[AVAILABLE DATA Boundary: Start]

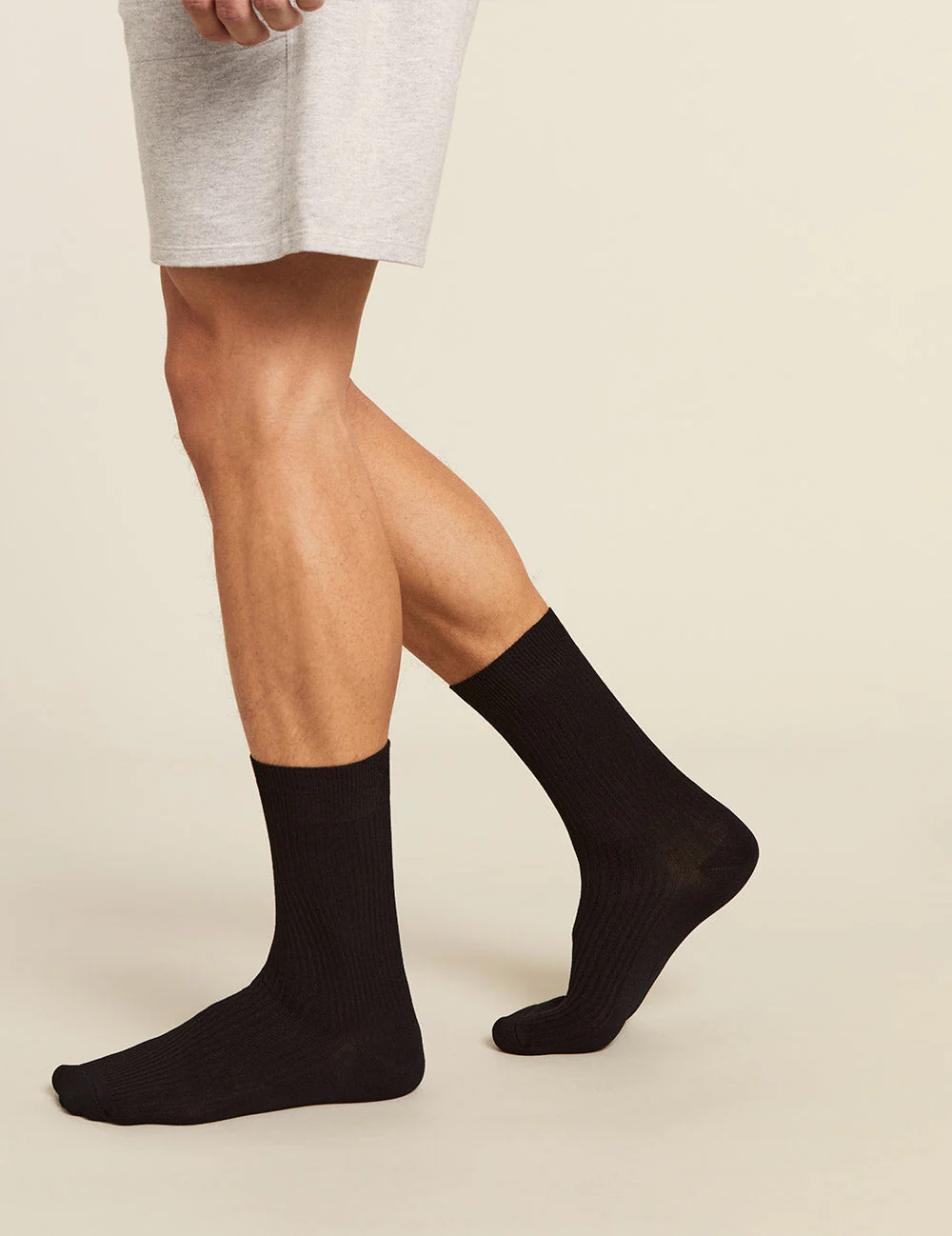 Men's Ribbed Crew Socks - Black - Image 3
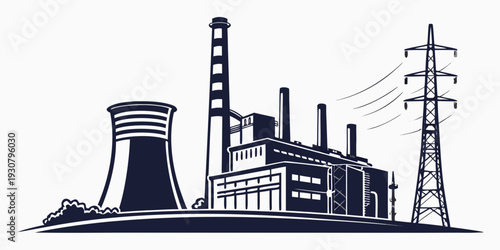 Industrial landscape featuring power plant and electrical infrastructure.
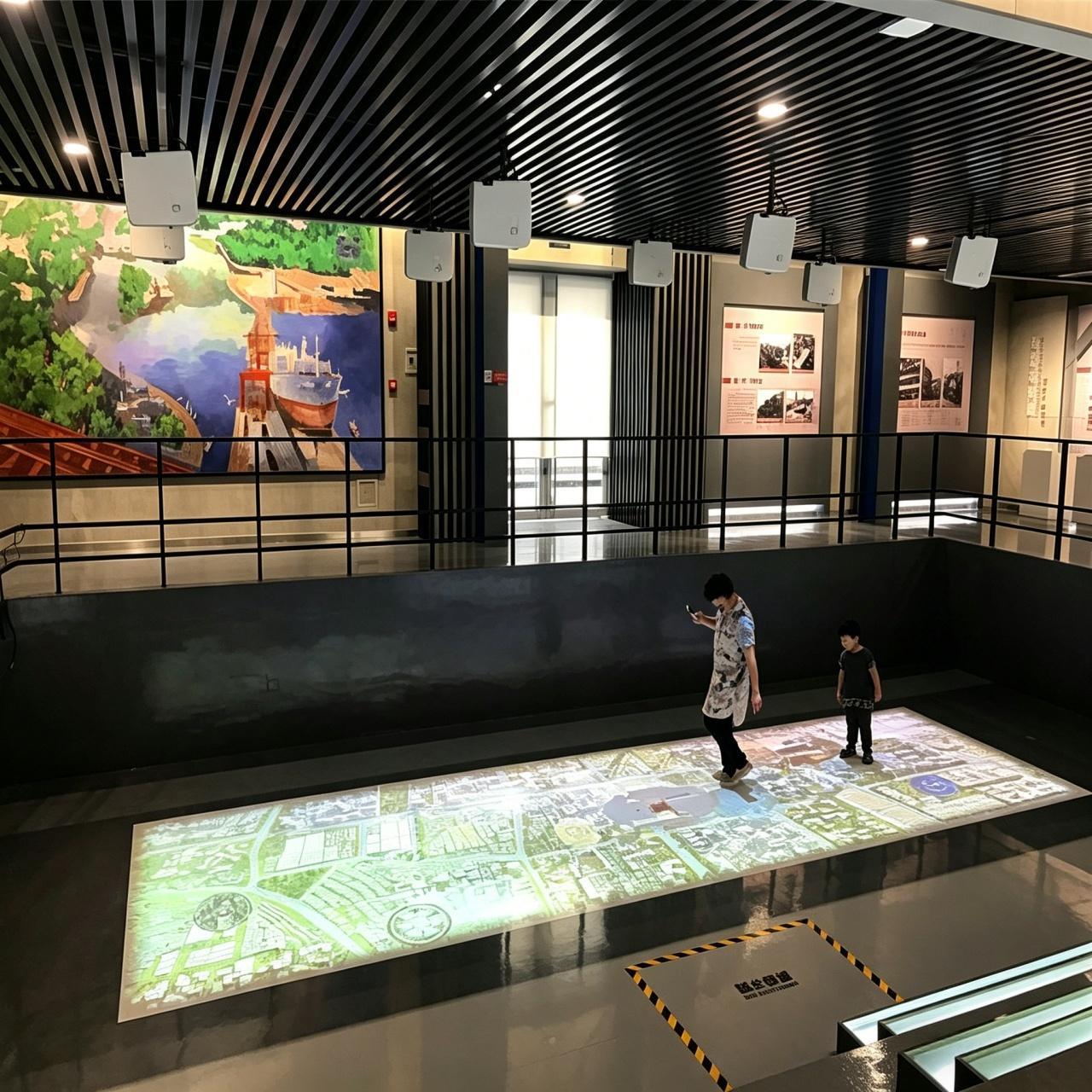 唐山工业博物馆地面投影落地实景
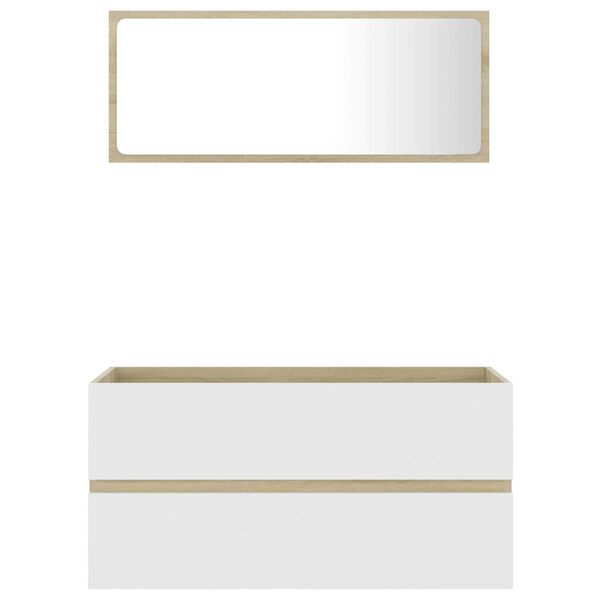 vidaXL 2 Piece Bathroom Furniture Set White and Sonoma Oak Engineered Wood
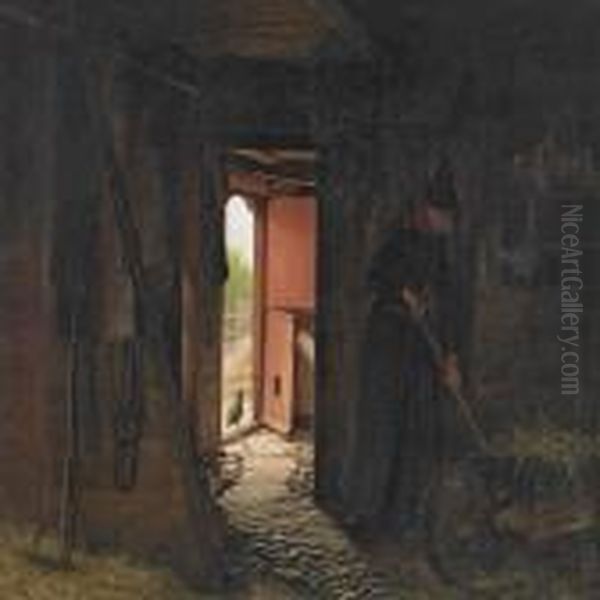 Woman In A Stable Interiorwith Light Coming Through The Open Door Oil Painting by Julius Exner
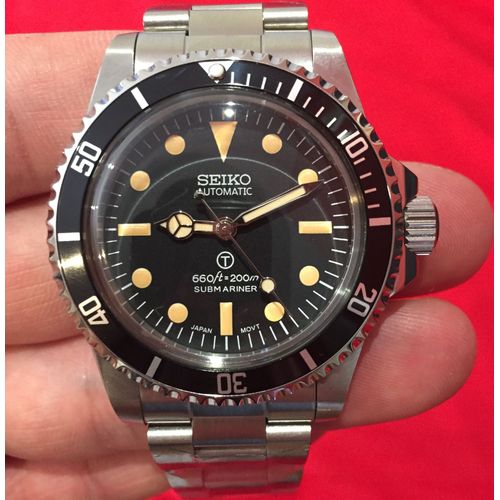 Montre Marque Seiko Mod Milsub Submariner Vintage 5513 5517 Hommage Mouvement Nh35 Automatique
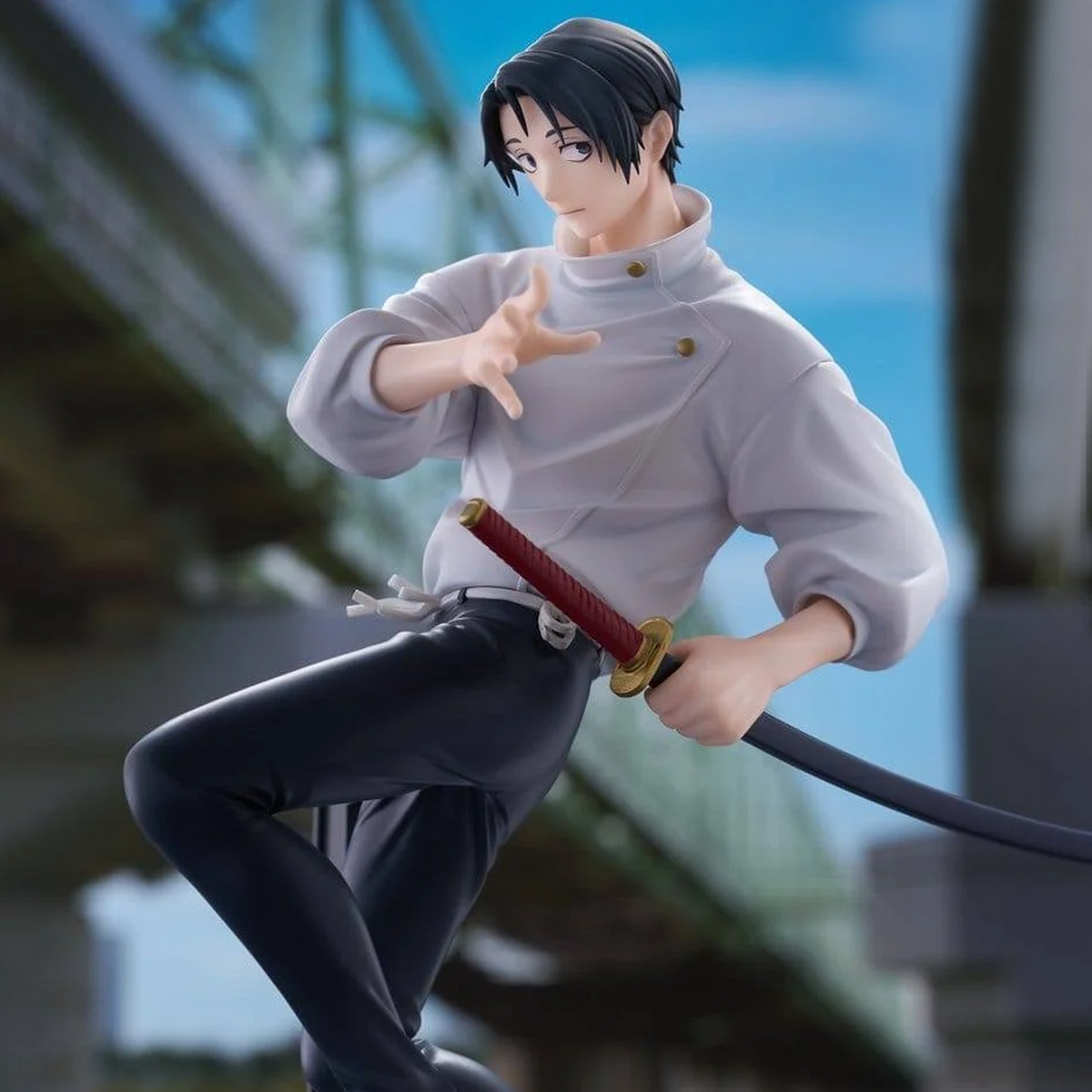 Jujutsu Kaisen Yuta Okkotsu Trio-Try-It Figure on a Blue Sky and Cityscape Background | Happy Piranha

[AVAILABLE DATA Boundary: End]

* WHAT THE TASK ASKS: Each line from the start of the entries to the line holding "Woman In A Stable" is to be given again exactly, both ends included, and each picture is to be left out.

* RESPONSE TO THIS EXERCISE:
 Men's Ribbed Crew Socks - Black - Image 3
 Industrial landscape featuring power plant and electrical infrastructure.
 唐山工业博物馆地面投影落地实景
 vidaXL 2 Piece Bathroom Furniture Set White and Sonoma Oak Engineered Wood
 Woman In A Stable Interiorwith Light Coming Through The Open Door Oil Painting by Julius Exner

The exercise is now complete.